With the proper data frames now available in our environment, we can re-run the code snippet used to create the preliminary line chart, saving it to l_plot.

l_plot <- analytic_frame %>%
  inner_join(quarters_in_range, by = c("calendar_year", "calendar_quarter")) %>%
  filter(employed_in_quarter == "Y") %>%
  distinct(person_id, quarter_from_entry, total_wages) %>%
  # add in person-level measures data frame
  inner_join(measures, by = "person_id") %>% 
  group_by(quarter_from_entry, spell_volume, claim_frequency) %>%
  summarize(
    avg_wages = mean(total_wages)
  ) %>%
  ungroup() %>%
  ggplot(aes(x=quarter_from_entry,
             y = avg_wages,
             linetype = spell_volume,
             color = claim_frequency)) +
  geom_line()

l_plot

Let’s start by applying some of the same techniques from before to l_plot.

# update titles, change theme
# can update legend titles by assigning titles to ggplot aesthetics
l_plot <- l_plot + 
  labs(
    title = "Claimants with REDACTED Spell Volumes Earn REDACTED in the Quarters Pre- and \nPost- Benefit Entry, On Average", 
    x = "Quarter Relative to UI Benefit Start Year (March 2022)", 
    y = "Average Quarterly Wages", 
    subtitle = "Average Quarterly Wages by Benefit Characteristics Relative to 2022 UI Benefit Start Year", 
    caption = "Source: WI PROMIS and UI Wage data \n Created by Irma Analyst, Ph.D.",
    color = "Claim Frequency",
    linetype = "Claim Volume"
  ) +
  theme_classic()

l_plot

Note that in the previous plot, because it did not require a legend, the caption was already right-aligned. We can enforce the same standard with the existence of a legend by updating the caption’s position.

# default aligns to plot panels, "plot" aligns to entire plot
l_plot <- l_plot +
  theme(
    plot.caption.position = "plot"
  )

l_plot

Because the plot features different colors and line types, we can adjust the default values to better differentiate between the four lines, making them more accessible.
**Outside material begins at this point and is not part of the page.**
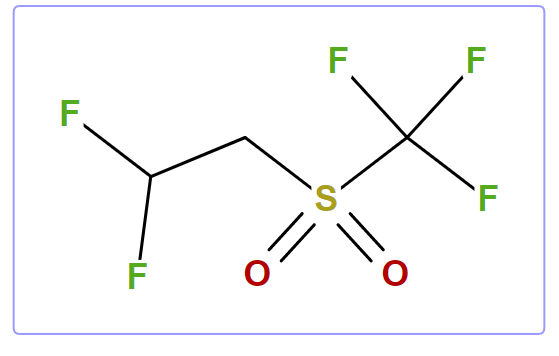1,1-Difluoro-2-[(trifluoromethyl)sulfonyl]ethane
scale_color_brewer() provides accessible color schemes from ColorBrewer, with options for different variable relationships (sequential, diverging, qualitative). Here, our subgroups are qualitative, so we will opt for one of the qualitative palette options.

We can also update the thickness of each line by adjusting the size parameter of geom_line(), with its default at 1. In newer versions of ggplot2, the size parameter has been separated into a size aesthetic for handling sizing, with linewidth controlling the width.

Note: We recommend you enforce consistent aesthetic choices for the same subgroups across plots (ex. keep the colors for claim frequency).

l_plot <- l_plot +
  scale_color_brewer(palette = "Dark2") +
  geom_line(size = 1.3)

l_plot

We can further improve the clarity of the visualization by adjusting the axes. Specifically, we can update the tick marks on the x-axis to reflect key points, which are all seven quarters (-3 to 3), as opposed to just -2, 0, and 2. Additionally, we can expand the range of the y-axis to start at 0.

l_plot <- l_plot + 
  # start y-axis at 0
  expand_limits(y=0) +
  # change x-axis tick mark frequency
  scale_x_continuous(
    breaks = seq(from = -3, to = 3, by= 1)
  )

l_plot

Finally, if we wanted to highlight specific values on the line - say, at the end, we can do so using the ggrepel package, which ensures text labels from overlapping. In this case, because we want to update text, instead of using geom_text(), we will use geom_text_repel().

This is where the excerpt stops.